Fellow in Health Policy and Economics, London School of Economics and Political Science, Houghton Street, London, UK.
Research Associate, Department of Health Research and Policy, Stanford University, Palo Alto, CA, USA.
Soc Sci Med. 2020 Aug;258:113042. doi: 10.1016/j.socscimed.2020.113042. Epub 2020 May 13.
As cancer drug prices rise, it remains unclear whether the cost of new interventions is related to their beneficial impact for patients at a societal-level. Using data for 2003-2015 from the IQVIA MIDAS® dataset, the relationship between cancer drug costs and drug clinical benefits was studied in four countries with different approaches to drug pricing. Summary measures of drug clinical effects on overall survival, quality of life, and safety were obtained from a review of health technology assessments. Mean total drug costs for a full course of treatment were estimated using standard posology for each medicine and in each country. Regression analysis was used to test whether, at a societal-level, the cost of recently licensed drugs is related to their beneficial impact for patients. Across all eligible medicines, average treatment costs were lowest in France and Australia and highest in the UK and US. Compared with Australia, France, and the UK, cancer medicines were on average between 1.2 and 1.9 times more expensive in the US, where the average total per patient cost for treatment was $68,255.17. Costs for new cancer medicines are high and, at best, only weakly associated with drug clinical benefits. The strength of this relationship nevertheless varied across countries. Some new cancer drugs-particularly in the US-may be neither affordable nor clinically beneficial over existing treatments. While all countries can benefit from strategies that more robustly align price with therapeutic benefit in cancer drugs, the US stands out in its opportunity to improve both affordability and value in cancer drug treatment.
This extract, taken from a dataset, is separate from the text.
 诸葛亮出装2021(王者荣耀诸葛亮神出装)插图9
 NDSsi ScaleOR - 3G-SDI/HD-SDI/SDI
随着癌症药物价格的上涨,新干预措施的成本是否与其对患者的社会效益的有益影响有关仍不清楚。利用 IQVIA MIDAS® 数据集 2003-2015 年的数据,在四个国家研究了癌症药物成本与药物临床效益之间的关系,这四个国家对药物定价的方法各不相同。药物对总生存、生活质量和安全性的临床效果的综合衡量指标是从对卫生技术评估的审查中获得的。根据每个国家的每种药物的标准治疗方案,估计了一个完整疗程的药物总成本。回归分析用于检验在社会效益层面,最近获得许可的药物的成本与其对患者的有益影响是否相关。在所有合格药物中,法国和澳大利亚的平均治疗费用最低,英国和美国的最高。与澳大利亚、法国和英国相比,美国的癌症药物平均要贵 1.2 到 1.9 倍,美国每位患者的平均治疗总费用为 68255.17 美元。新癌症药物的成本很高,而且在最好的情况下,也只是与药物的临床效益有微弱的关联。这种关系的强度在各国之间仍然存在差异。一些新的癌症药物——尤其是在美国——在现有治疗方法的基础上,既没有负担得起的价格,也没有临床效益。虽然所有国家都可以从更有力地将价格与癌症药物的治疗效益相匹配的策略中受益,但美国在提高癌症药物治疗的可负担性和价值方面具有独特的机会。